---------- Listed records ----------

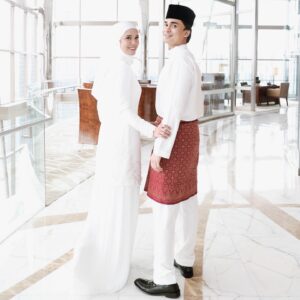 Julia Farhana Marin Instagram - .
Assalamualaikum everyone, 

I would like to share I am officially a wife to @drchehafiz and these are unofficial photos of our solemnization day with both sides of the family but mostly just the two of us for this announcement. We would like to apologize to everyone for the late announcement, to friends, our media friends and everyone who were not aware of our wedding because we wanted a very private gathering with only family members. Our sincerest apologies. 

My husband and I would like to humbly request for everyone’s kind doas as we embark on this journey as a married couple. Thank you everybody. 

Nanti bila official photos are ready we will share ☺️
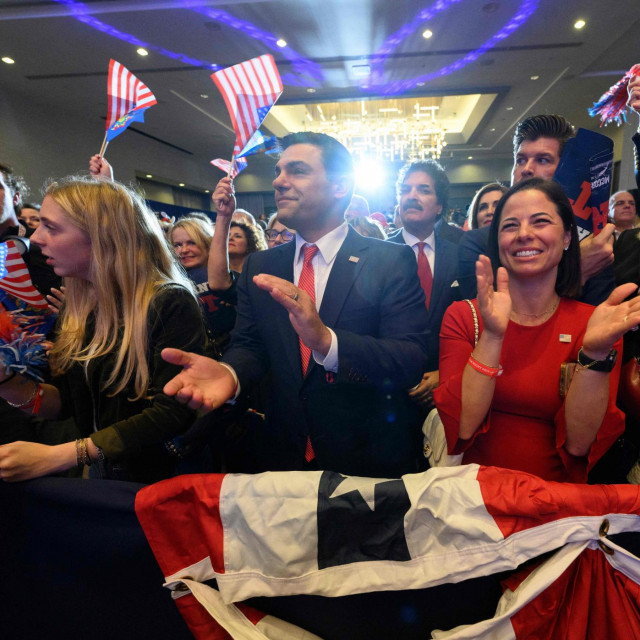 Pristaše plješću republikanskom kandidatu Daveu McCormicku nakon pobjede u Pennsylvaniji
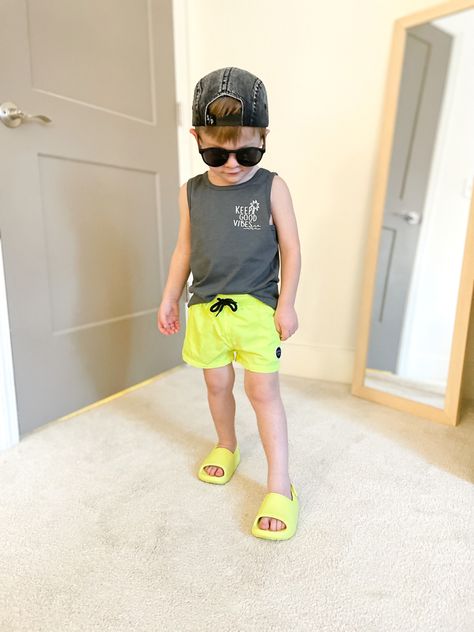 Toddler Boy Beach Outfit, Kids Beach Outfit, Toddler Boy Summer Outfits, Kids Holiday Outfits, Toddler Boy Summer, Mall Outfit, Toddler Beach, Beach Boy, Toddler Style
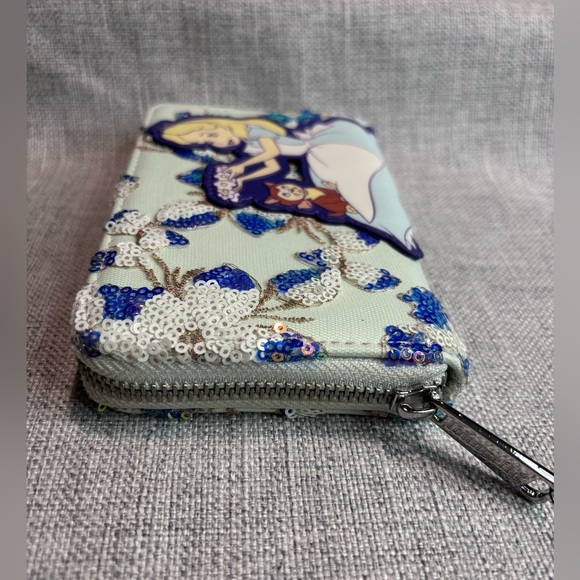 Loungefly Disney Alice in Wonderland Alice & Dinah Floral Sequin Wallet - Picture 7 of 11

----------

Requirement: Your answer must be an exact copy of the entries above, with no pictures in it.

Answer box:
 Julia Farhana Marin Instagram - .
Assalamualaikum everyone, 

I would like to share I am officially a wife to @drchehafiz and these are unofficial photos of our solemnization day with both sides of the family but mostly just the two of us for this announcement. We would like to apologize to everyone for the late announcement, to friends, our media friends and everyone who were not aware of our wedding because we wanted a very private gathering with only family members. Our sincerest apologies. 

My husband and I would like to humbly request for everyone’s kind doas as we embark on this journey as a married couple. Thank you everybody. 

Nanti bila official photos are ready we will share ☺️
 Pristaše plješću republikanskom kandidatu Daveu McCormicku nakon pobjede u Pennsylvaniji
 Toddler Boy Beach Outfit, Kids Beach Outfit, Toddler Boy Summer Outfits, Kids Holiday Outfits, Toddler Boy Summer, Mall Outfit, Toddler Beach, Beach Boy, Toddler Style
 Loungefly Disney Alice in Wonderland Alice & Dinah Floral Sequin Wallet - Picture 7 of 11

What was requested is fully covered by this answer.